Bukan cuma berjualan ikan, di tempat ini tersedia pula blok khusus penyiangan dan pengolahan. Ikan yang sudah dibeli dibawa ke tempat ini untuk dibersihkan, dipotong sesuai keinginan, lantas dibumbui. Kalau tidak mau repot memasak di rumah, bisa juga minta dimasakkan sesuai selera. Tersedia penggorengan dan tempat memanggang.
“Kita beli mentah aja, nanti dimasak sendiri,” kata istri saya, sambil menimbang dua potong kepala ikan kakap seharga 40 riyal (lebih kurang Rp148.000). Maka malam itu, di rumah kerabat yang kami kunjungi di Wadi Jalil, kami menyantap menu istimewa gulai kepala kakap.

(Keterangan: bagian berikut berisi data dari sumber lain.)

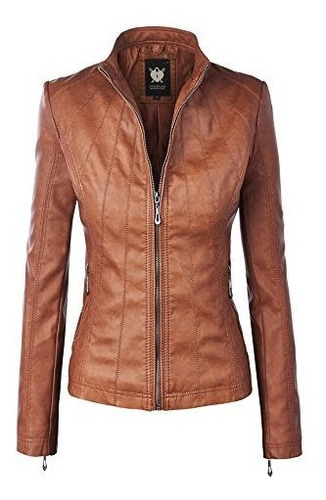 Chaqueta Biker Acolchada De Cuero Sintético Para Mujer Lock 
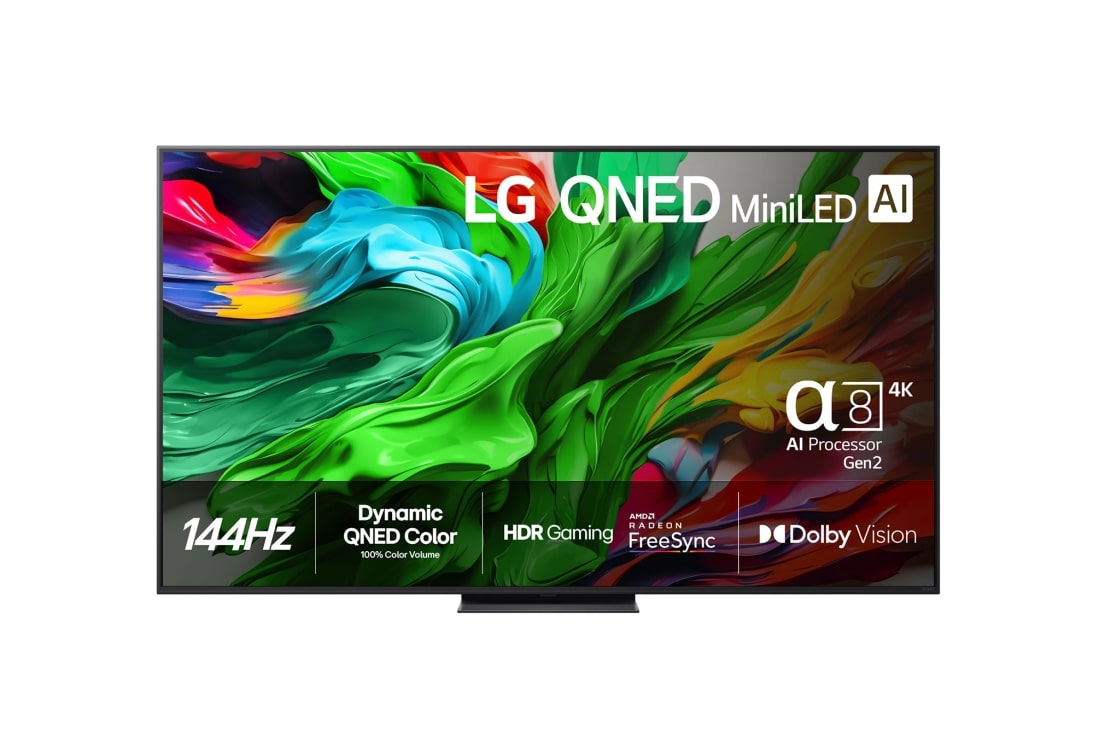 LG 86 tuuman LG QNED MiniLED AI QNED86 4K -älytelevisio 2025, front, 86QNED86A6A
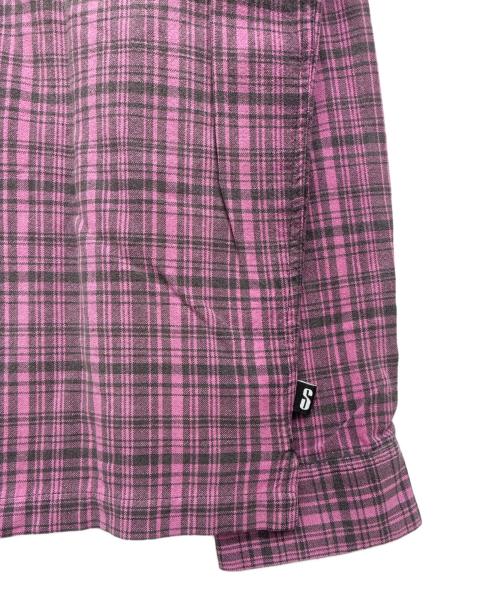 stussy（ステューシー）stussy (ステューシー) 00s オープンカラー 長袖シャツ ピンク×グレー サイズ:XLの古着・服飾アイテム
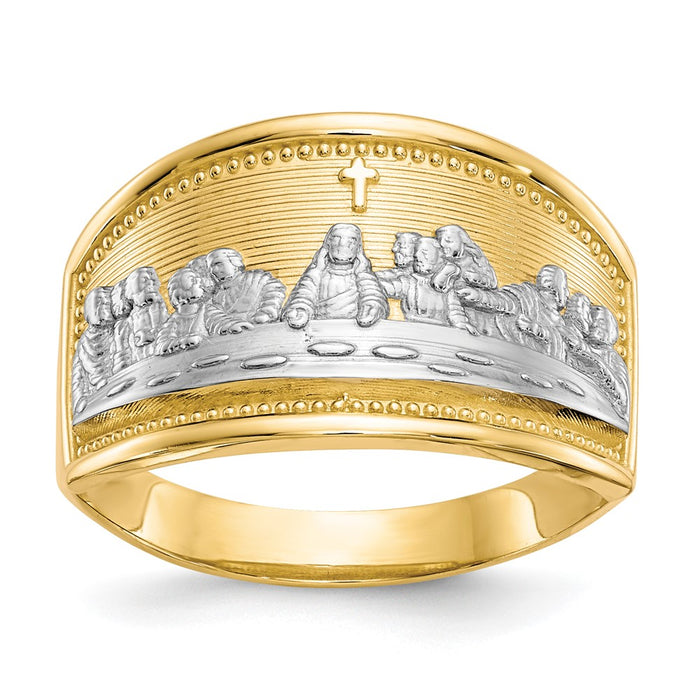 10k & Rhodium Ladies Last Supper Ring-10C1292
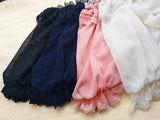 Sweet Women's Off the Shoulder Crop Top Bishop Sleeve Dotted Sheer Chiffon Blouse for Summer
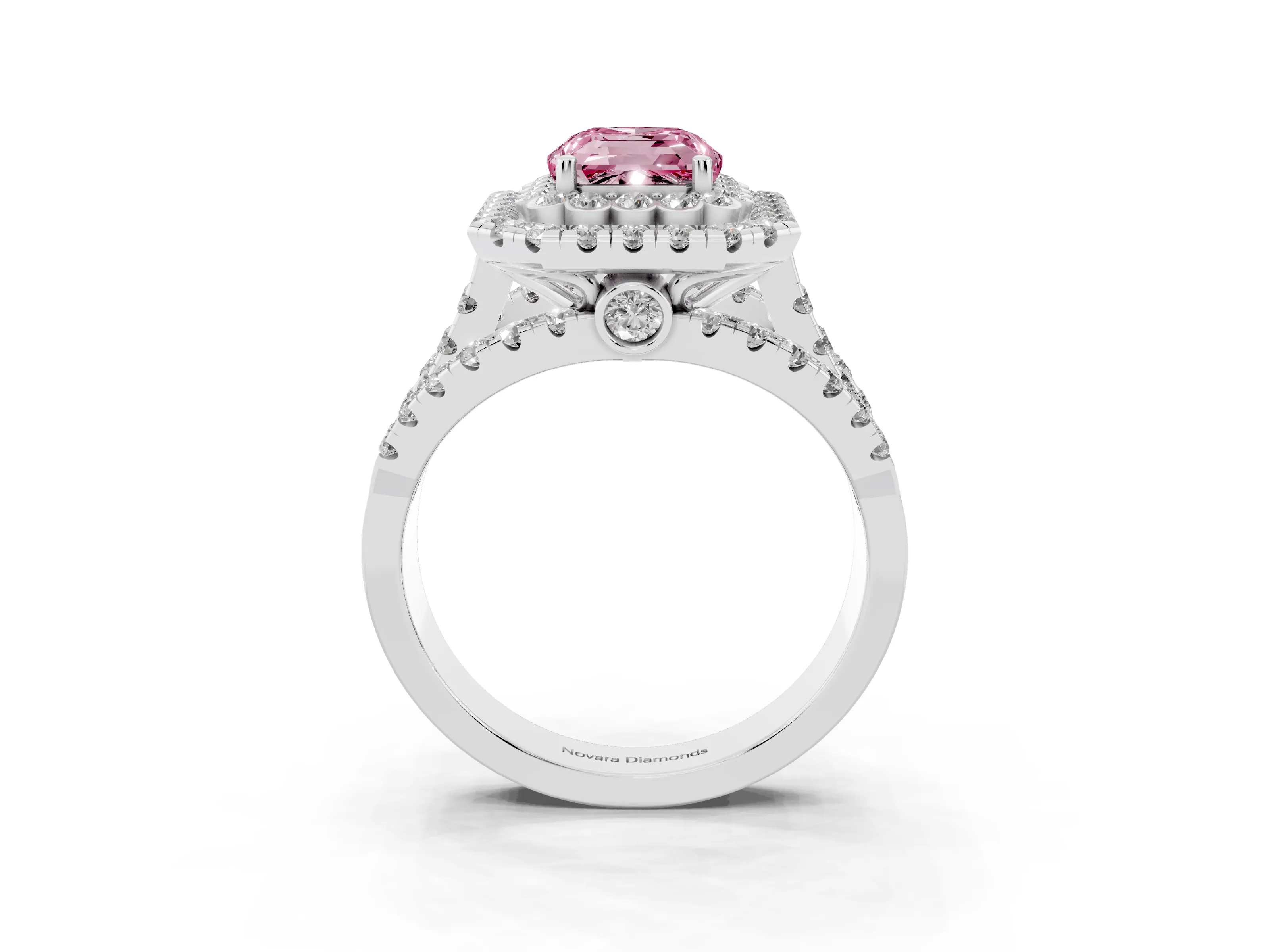 Fancy Pink Emerald Cut Diamond Double Halo Ring Set in Silver with Round Pavé Split Shank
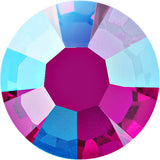 Swarovski 2028 Foiled Flatbacks SS12 Fuchsia AB No Hotfix Rhinestones, Choose Quantity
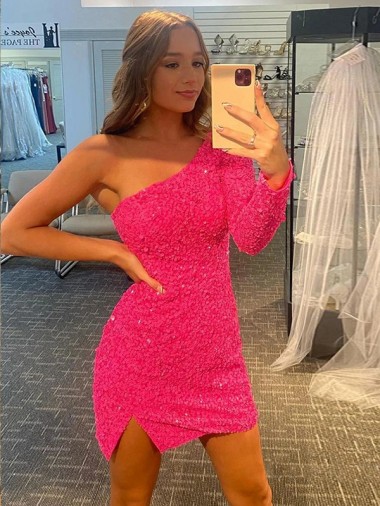 Long Sleeves Shown Color Sheath One Shoulder Prom Dress / Evening Dress Maidstone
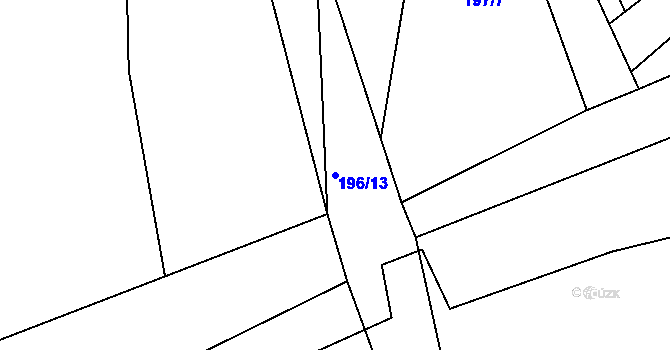 Parcela st. 196/13 v KÚ Heroltice u Jihlavy, Katastrální mapa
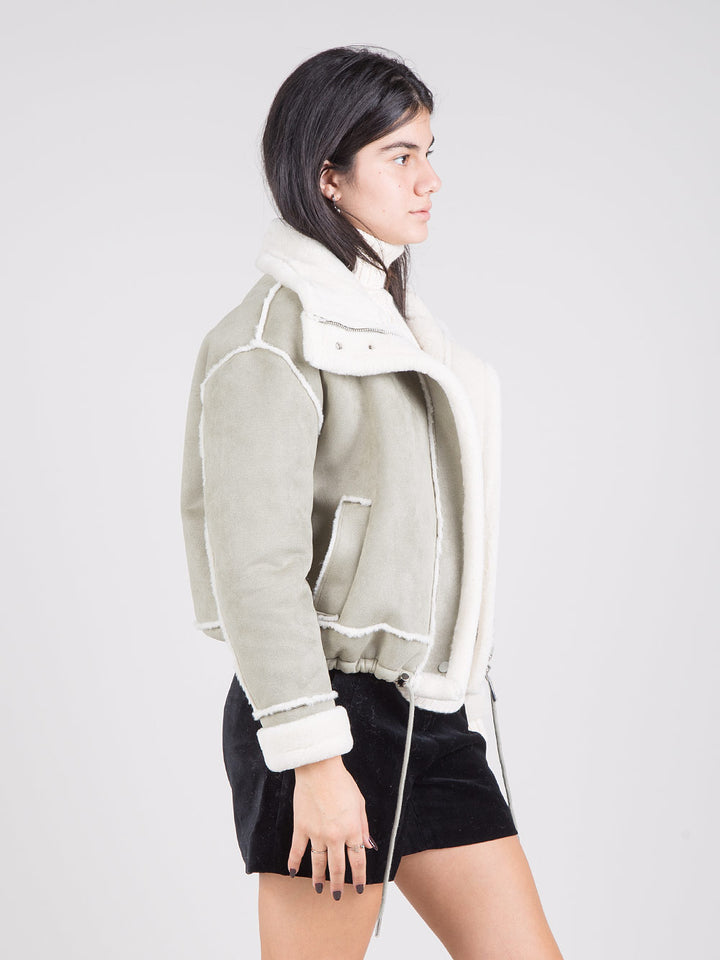 Bomber in eco-sheepskin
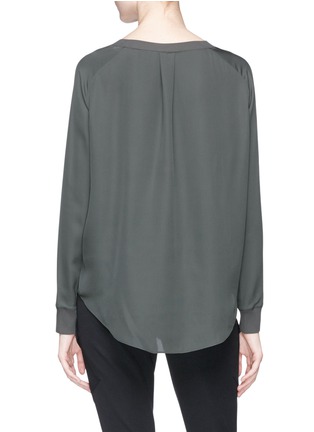 Back View - Click To Enlarge - VINCE - Silk satin long sleeve top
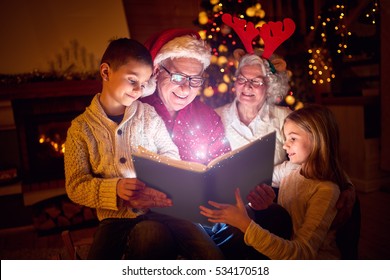 Christmas Magic Book And Happy Family
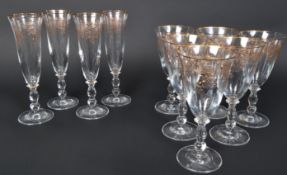 COLLECTION OF VINTAGE MID CENTURY GLASS GOBLET VASES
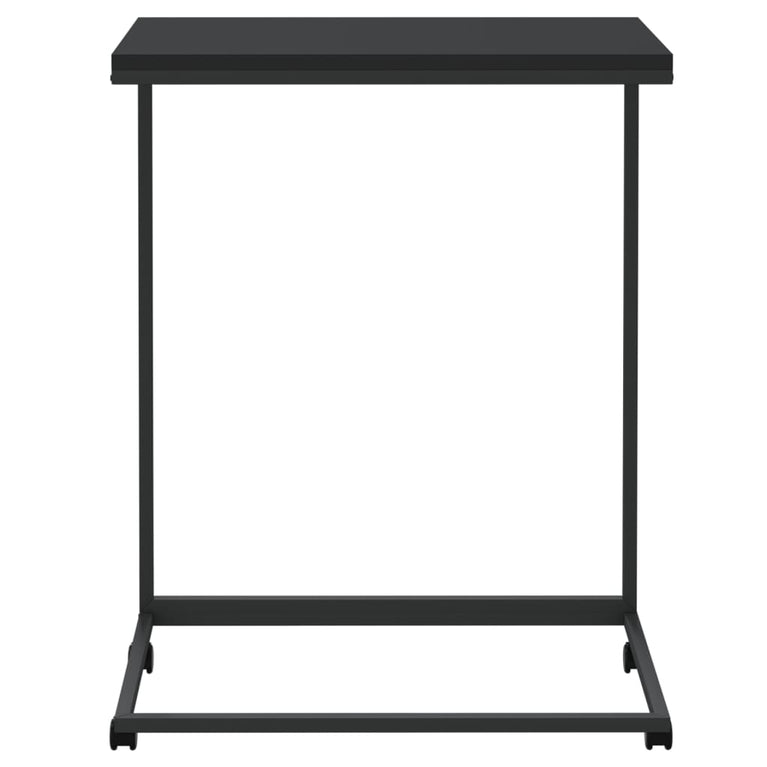 Bijzettafel met wieltjes 55x35x70 cm bewerkt hout zwart MeubelReus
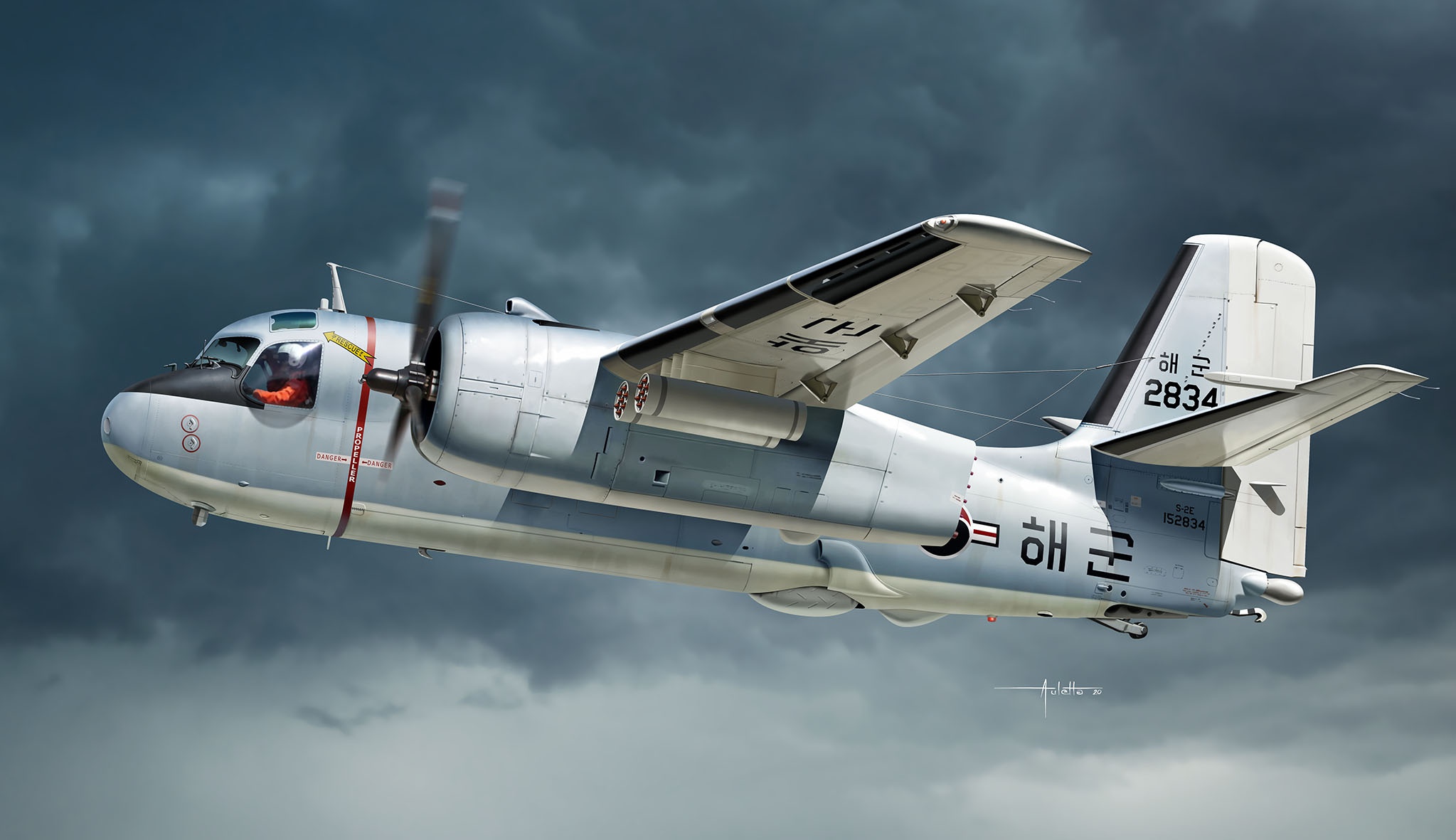 Grumman C-2 Greyhound transport aircraft in flight HD Wallpaper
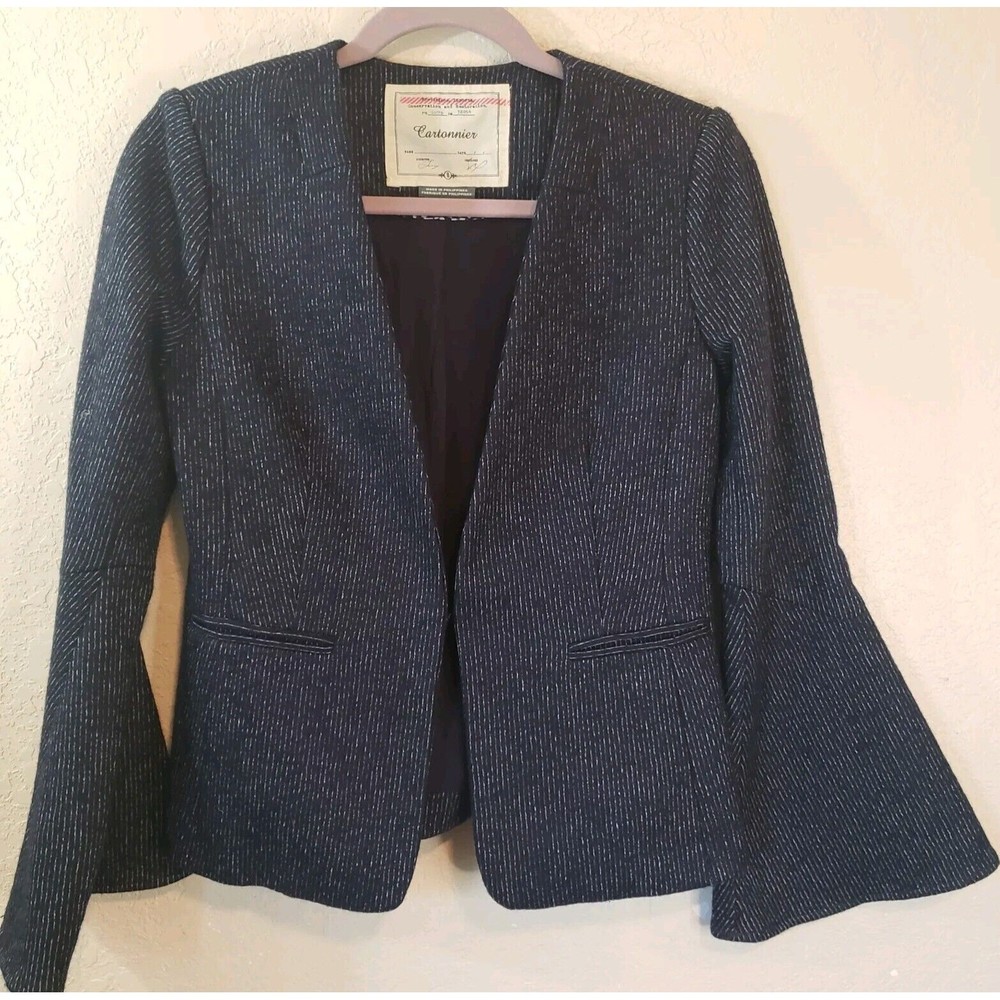 Cartonnier Anthropologie Women Sz 0 Navy Pinstripe Bell Sleeve Wool Blend Blazer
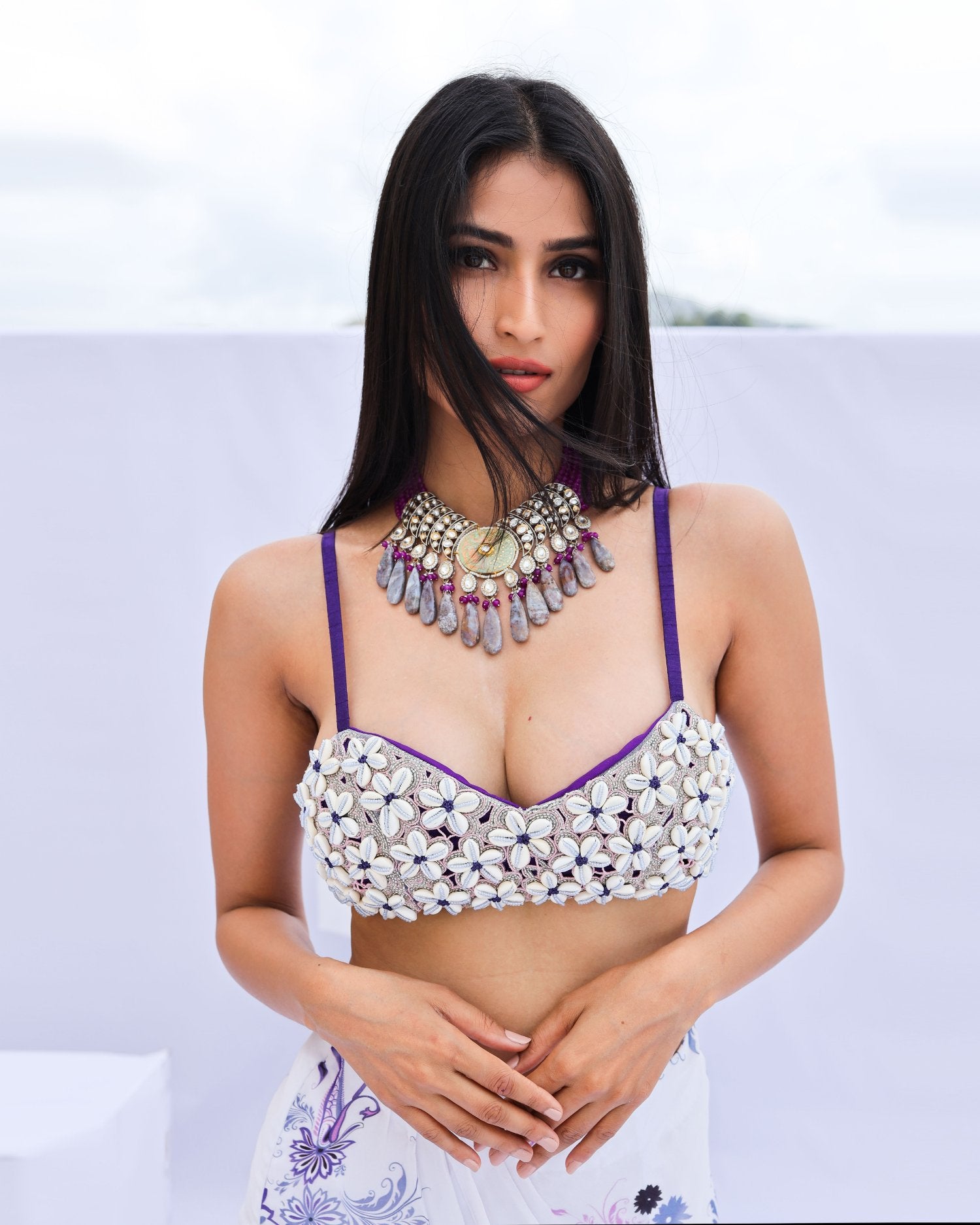 Purple Cowrie Embroidered Bralette Skirt Set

Begitulah, umrah backpacker memberi keleluasaan menentukan aktivitas, termasuk merasakan pengalaman-pengalaman berbeda yang mungkin sulit didapatkan apabila ikut rombongan umrah reguler. Kita bisa mengatur trip mengunjungi museum-museum kecil yang tersebar di seputaran Kota Makkah dan Madinah, masjid-masjid tua di pinggiran Makkah, kampus Universitas Islam Madinah, majelis-majelis pengajian di pagi dan sore hari di Masjid Nabawi, atau tempat-tempat lain yang menarik. Yang penting, tidak meninggalkan tujuan utama datang ke Tanah Suci: beribadah.